BEGIN RAW DATA

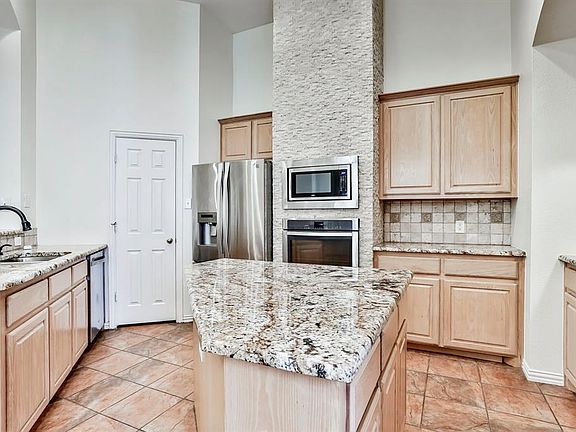 3rd image of 1625 Hawkins Ct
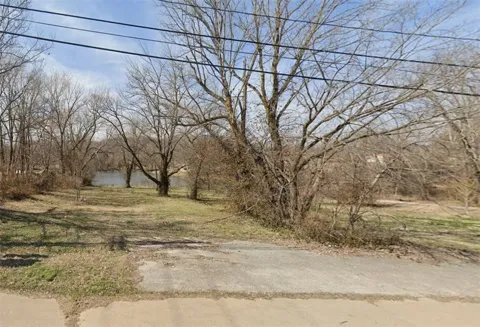 323 S Main Street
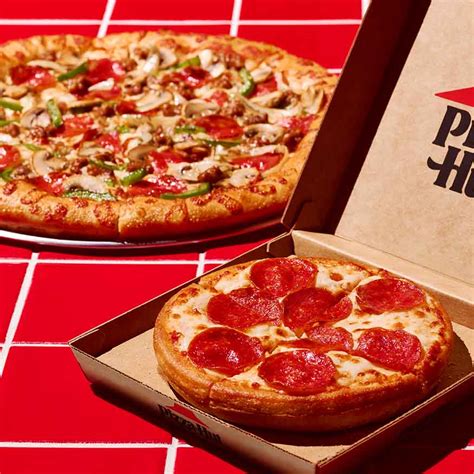 Winner Pizza Hut Size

END RAW DATA

ASSIGNED TASK:
When you copy the data above, keep each line exact and omit the pictures.

ANSWER SECTION:
 3rd image of 1625 Hawkins Ct
 323 S Main Street
 Winner Pizza Hut Size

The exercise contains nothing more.